--- TASK DESCRIPTION ---
The whole of the data is to be returned without a single change.

--- GIVEN INFORMATION ---

****************************************

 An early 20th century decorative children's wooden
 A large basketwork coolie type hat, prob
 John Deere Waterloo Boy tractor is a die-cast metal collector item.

****************************************

--- SOLUTION ---
 An early 20th century decorative children's wooden
 A large basketwork coolie type hat, prob
 John Deere Waterloo Boy tractor is a die-cast metal collector item.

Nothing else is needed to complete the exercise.